BACKGROUND: Many people who have a positive hepatitis C virus (HCV) antibody (Ab) test never receive a confirmatory HCV RNA viral load (VL) test. Reflex VL testing may help address this problem. We undertook a systematic review to evaluate the effectiveness of reflex VL testing compared with standard nonreflex approaches on outcomes across the HCV care cascade. METHODS: We searched 4 databases for studies that examined laboratory-based reflex or clinic-based reflex VL testing approaches, with or without a nonreflex comparator, and had data on the uptake of HCV RNA VL test and treatment initiation and turnaround time between Ab and VL testing. Both laboratory- and clinic-based reflex VL testing involve only a single clinic visit. Summary estimates were calculated using random-effects meta-analyses. RESULTS: Fifty-one studies were included (32 laboratory-based and 19 clinic-based reflex VL testing). Laboratory-based reflex VL testing increased HCV VL test uptake versus nonreflex testing (RR: 1.35; 95% CI: 1.16-1.58) and may improve linkage to care among people with a positive HCV RNA test (RR: 1.47; 95% CI: .81-2.67) and HCV treatment initiation (RR: 1.03; 95% CI: .46-2.32). The median time between Ab and VL test was <1 day for all laboratory-based reflex studies and 0-5 days for 13 clinic-based reflex testing. CONCLUSIONS: Laboratory-based and clinic-based HCV reflex VL testing increased uptake and reduced time to HCV VL testing and may increase HCV linkage to care. The World Health Organization now recommends reflex VL testing as an additional strategy to promote access to HCV VL testing and treatment. CLINICAL TRIALS REGISTRATION: PROSPERO CRD42021283822.

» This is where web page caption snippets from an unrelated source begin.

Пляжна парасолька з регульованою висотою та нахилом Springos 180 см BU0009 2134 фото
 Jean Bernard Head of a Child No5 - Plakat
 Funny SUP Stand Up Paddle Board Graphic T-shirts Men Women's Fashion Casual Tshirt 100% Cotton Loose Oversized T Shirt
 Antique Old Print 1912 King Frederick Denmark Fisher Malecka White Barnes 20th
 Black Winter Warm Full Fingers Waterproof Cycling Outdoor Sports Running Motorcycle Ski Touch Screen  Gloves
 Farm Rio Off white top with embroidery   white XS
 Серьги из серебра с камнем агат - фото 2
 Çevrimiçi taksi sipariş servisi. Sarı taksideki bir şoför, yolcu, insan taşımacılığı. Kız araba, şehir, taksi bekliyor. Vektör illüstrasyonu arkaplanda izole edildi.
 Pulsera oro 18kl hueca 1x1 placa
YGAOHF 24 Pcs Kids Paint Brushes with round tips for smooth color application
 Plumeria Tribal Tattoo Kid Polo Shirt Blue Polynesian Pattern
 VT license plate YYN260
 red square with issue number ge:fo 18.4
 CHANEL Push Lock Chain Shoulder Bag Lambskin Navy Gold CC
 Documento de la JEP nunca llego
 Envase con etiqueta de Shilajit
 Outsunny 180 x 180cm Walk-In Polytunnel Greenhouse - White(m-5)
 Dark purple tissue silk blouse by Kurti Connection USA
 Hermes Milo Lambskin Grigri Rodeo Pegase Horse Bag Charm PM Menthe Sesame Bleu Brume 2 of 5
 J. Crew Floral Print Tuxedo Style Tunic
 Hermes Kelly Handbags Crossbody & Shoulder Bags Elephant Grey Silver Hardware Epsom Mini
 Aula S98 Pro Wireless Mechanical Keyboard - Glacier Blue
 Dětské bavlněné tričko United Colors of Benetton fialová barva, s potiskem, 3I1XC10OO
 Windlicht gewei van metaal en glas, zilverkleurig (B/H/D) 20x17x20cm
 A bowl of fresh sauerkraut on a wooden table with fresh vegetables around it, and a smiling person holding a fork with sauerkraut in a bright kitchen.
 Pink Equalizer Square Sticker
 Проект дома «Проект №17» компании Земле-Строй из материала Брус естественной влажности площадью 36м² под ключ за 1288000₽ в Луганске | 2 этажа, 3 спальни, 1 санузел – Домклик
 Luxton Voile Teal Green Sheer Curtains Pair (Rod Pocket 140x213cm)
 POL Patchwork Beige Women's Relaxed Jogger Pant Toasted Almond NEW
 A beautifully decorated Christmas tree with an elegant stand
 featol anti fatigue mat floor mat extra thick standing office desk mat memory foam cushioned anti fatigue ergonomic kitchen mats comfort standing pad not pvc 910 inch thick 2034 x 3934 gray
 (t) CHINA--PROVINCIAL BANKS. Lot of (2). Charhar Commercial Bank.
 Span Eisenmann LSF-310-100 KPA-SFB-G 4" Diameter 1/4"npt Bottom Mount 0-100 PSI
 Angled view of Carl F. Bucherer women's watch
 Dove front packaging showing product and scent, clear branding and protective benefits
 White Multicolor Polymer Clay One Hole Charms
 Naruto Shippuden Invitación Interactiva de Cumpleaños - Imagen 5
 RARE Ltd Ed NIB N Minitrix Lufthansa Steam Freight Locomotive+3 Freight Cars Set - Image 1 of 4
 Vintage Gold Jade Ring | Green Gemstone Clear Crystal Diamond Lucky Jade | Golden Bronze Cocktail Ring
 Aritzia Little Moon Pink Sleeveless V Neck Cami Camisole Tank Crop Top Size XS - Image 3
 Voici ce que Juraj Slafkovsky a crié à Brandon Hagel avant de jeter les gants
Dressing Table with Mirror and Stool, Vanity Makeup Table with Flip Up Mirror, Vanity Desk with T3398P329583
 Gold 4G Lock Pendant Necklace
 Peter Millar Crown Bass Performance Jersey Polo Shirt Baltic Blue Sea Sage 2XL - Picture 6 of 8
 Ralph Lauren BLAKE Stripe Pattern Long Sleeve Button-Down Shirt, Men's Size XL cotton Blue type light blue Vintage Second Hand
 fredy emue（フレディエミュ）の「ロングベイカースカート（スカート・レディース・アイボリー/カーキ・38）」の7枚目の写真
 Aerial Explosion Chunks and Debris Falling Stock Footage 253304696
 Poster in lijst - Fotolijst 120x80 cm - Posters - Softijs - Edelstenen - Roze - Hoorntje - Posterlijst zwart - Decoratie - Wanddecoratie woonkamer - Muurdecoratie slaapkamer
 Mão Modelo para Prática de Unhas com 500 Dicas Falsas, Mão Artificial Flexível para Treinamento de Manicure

背景:许多丙型肝炎病毒(HCV)抗体(Ab)检测呈阳性的人从未接受过HCV RNA病毒载量(VL)的确诊检测。即时检测VL可能有助于解决这一问题。我们进行了一项系统评价,以评估即时检测VL与标准非即时检测方法相比,在整个HCV治疗过程中的效果。 方法:我们检索了4个数据库,查找研究基于实验室的即时或基于诊所的即时VL检测方法的研究,无论是否有非即时检测对照,且有关于HCV RNA VL检测的接受情况、治疗启动情况以及Ab检测和VL检测之间周转时间的数据。基于实验室和基于诊所的即时VL检测都只需要一次门诊就诊。使用随机效应荟萃分析计算汇总估计值。 结果:纳入了51项研究(32项基于实验室的即时VL检测和19项基于诊所的即时VL检测)。与非即时检测相比,基于实验室的即时VL检测增加了HCV VL检测的接受率(RR:1.35;95%CI:1.16 - 1.58),并且可能改善HCV RNA检测呈阳性者的护理衔接(RR:1.47;95%CI:0.81 - 2.67)以及HCV治疗启动情况(RR:1.03;95%CI:0.46 - 2.32)。所有基于实验室的即时检测研究中,Ab检测和VL检测之间的中位时间<1天,13项基于诊所的即时检测中为0 - 5天。 结论:基于实验室和基于诊所的HCV即时VL检测增加了接受率,缩短了HCV VL检测时间,并且可能增加HCV护理衔接。世界卫生组织现在推荐即时VL检测作为促进HCV VL检测和治疗可及性的一项额外策略。 临床试验注册:PROSPERO CRD42021283822。